2009 Portland GSA Annual Meeting (18-21 October 2009)

Paper No. 37
Presentation Time: 9:00 AM-6:00 PM

HILLSLOPE EVOLUTION IN A HIGHLY COMPLEX SEMIARID LANDSCAPE


GAUGLER, Devin F., Earth & Planetary Sciences, University of New Mexico, Northrup Hall, University of New Mexico, Albuquerque, NM 87131, devingaugler@gmail.com

It is generally understood that landforms with deep weathering are transport limited with gentle, rounded slopes and are weathering-limited with steeper, more angular slopes when there is a shallow regolith. However, on hillslopes of an intermediate nature, changes in factors affecting the rates of weathering and sediment removal can change a hillslope or hillslope segments between these two modes.
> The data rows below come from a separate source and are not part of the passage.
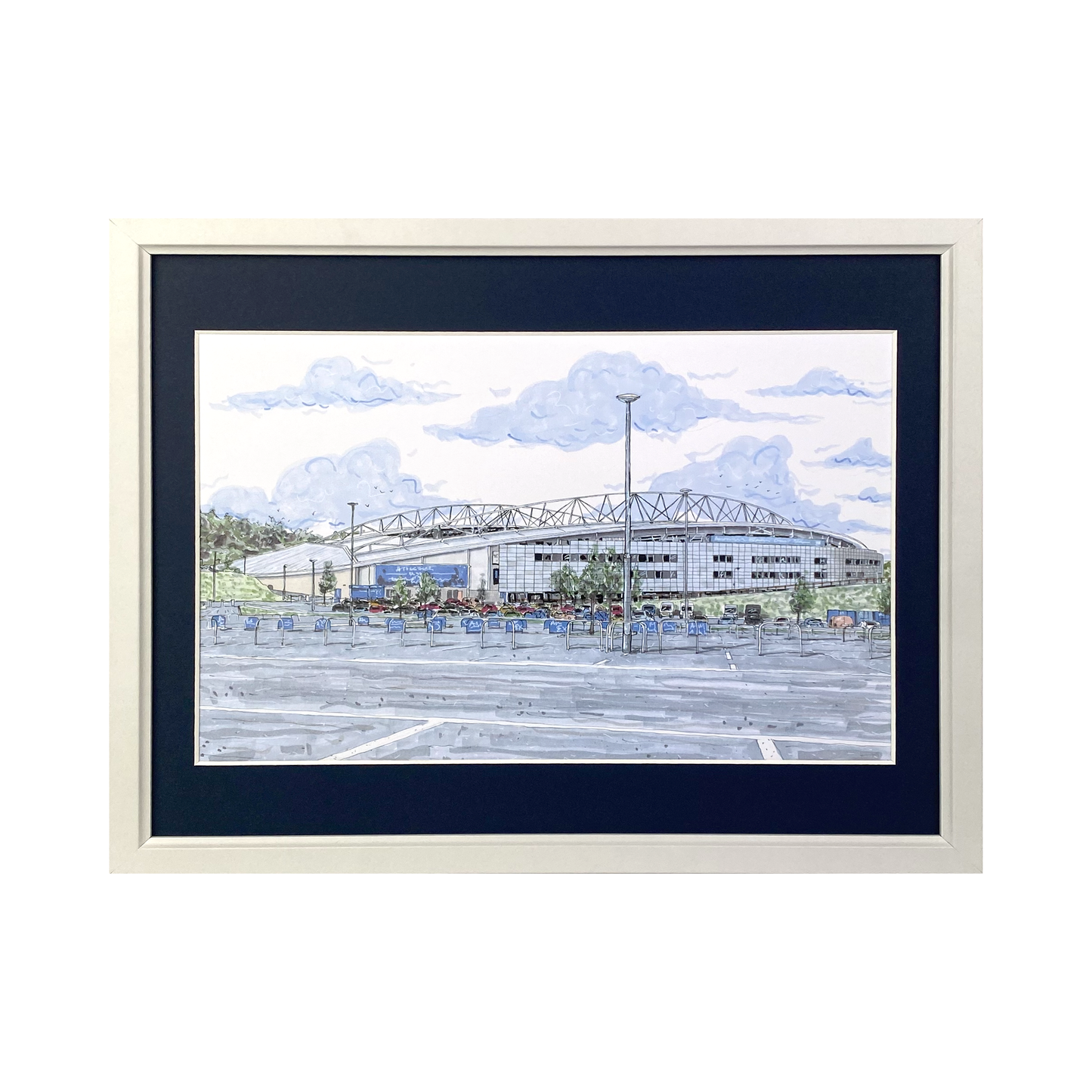 Amex Stadium Framed Illustration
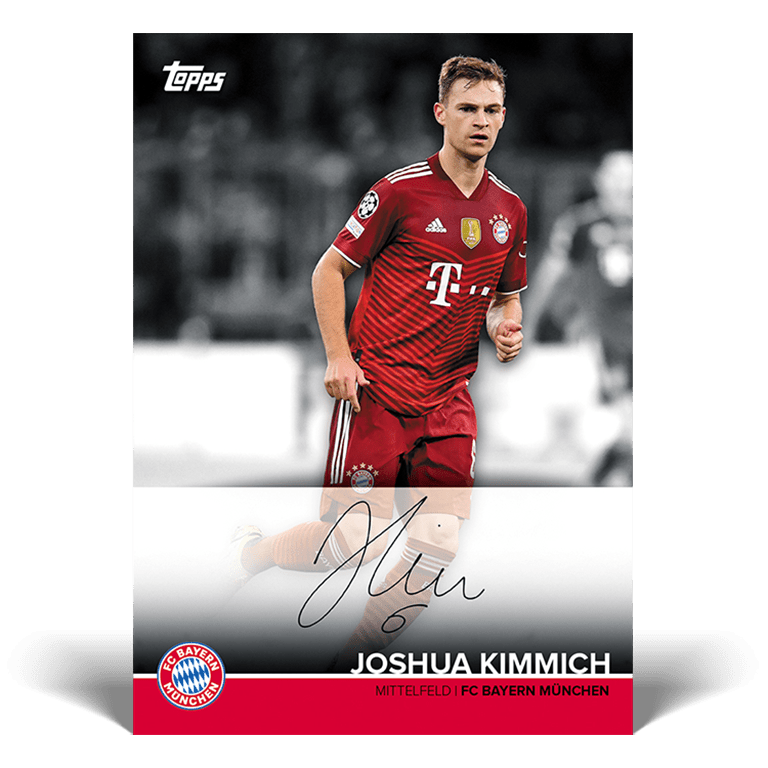 2021-22 Topps FC Bayern München Official Team Set Box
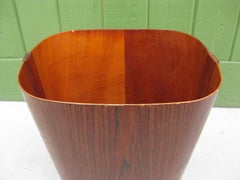 1960's, Beni Mobler Danish Modern Rosewood Waste Basket Trash Can Denmark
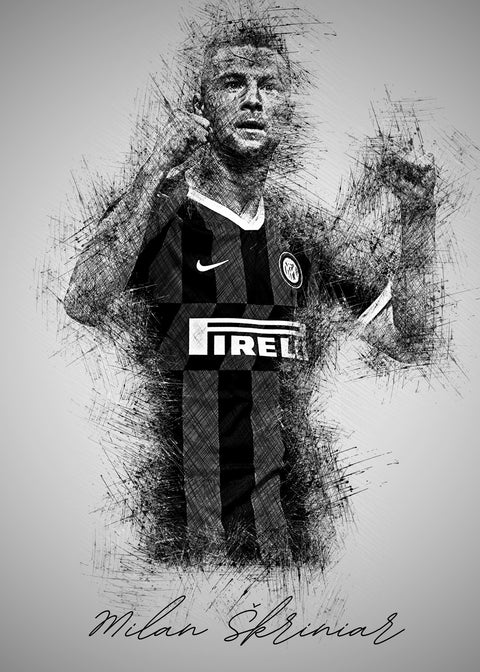 Milan Skriniar Wall Art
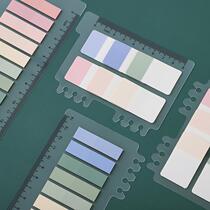 Morandi Convenience Stickup PET Loose-leaf Index Paste Minimalist Creativity Little Freshener Index Translucent Applie Student Use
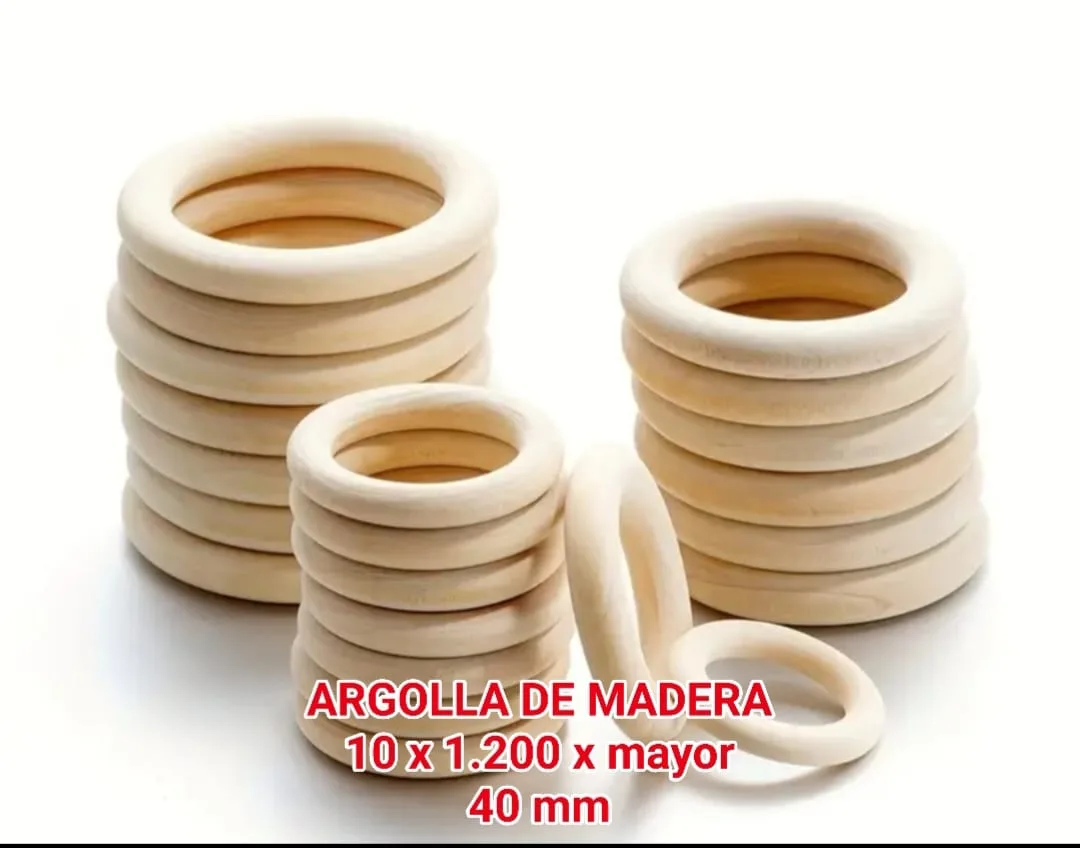 Argolla de Madera 40mm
As a drainage is cut into alluvial fan deposits, the changing slope angle and aspect drives changes in microclimate, in turn affecting soil forming processes and vegetation distribution. Field observations show north facing hillslopes with more mesic vegetation and greater dust entrapment. All hillslopes formed in alluvium have classic transport limited forms. After the drainage has cut into the underlying sedimentary bedrock layers of carbonate and siliclastic varieties and steep slopes develop, the north-south asymmetry is heightened. North facing slopes remain transport limited, but south facing slopes are segmented with slopes above the alluvium-bedrock contact transport limited and slopes below weathering or detachment limited. Soil observations have shown greater carbonate and clay accumulation on north facing hillslopes, with greater subsurface chemical weathering especially in carbonate. Slope forms appear stable until the alluvial cap is exhausted, exposing the carbonate bedrock. At this point the north-south asymmetry is much reduced with both slopes appearing weathering limited. However, the north facing slope retains a thicker colluvial mantle and regolith. Exposed carbonate bedrock is weathering resistant and outcrops, eroding as dust enters cracks to topple blocks downslope. Exposed siliclastic bedrock is susceptible to erosion from overland flow and retreats as the carbonate is removed, leading to concave slope form. When the carbonate cap is exhausted, the landform erodes to a low mound just above base level.